Directions: Pictures must not appear in the copy. Restate exactly the lines below from the one with "Download Progress in" through the one with "100 Ways to", inclusive.

Records supplied:
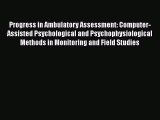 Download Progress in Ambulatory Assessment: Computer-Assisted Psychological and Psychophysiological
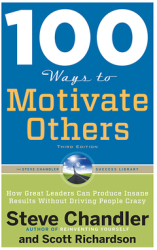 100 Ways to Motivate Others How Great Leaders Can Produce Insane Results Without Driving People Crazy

...

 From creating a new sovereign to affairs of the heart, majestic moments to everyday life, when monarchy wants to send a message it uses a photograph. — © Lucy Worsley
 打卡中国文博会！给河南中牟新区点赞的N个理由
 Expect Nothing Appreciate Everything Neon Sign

Solution for this problem:
 Download Progress in Ambulatory Assessment: Computer-Assisted Psychological and Psychophysiological
 100 Ways to Motivate Others How Great Leaders Can Produce Insane Results Without Driving People Crazy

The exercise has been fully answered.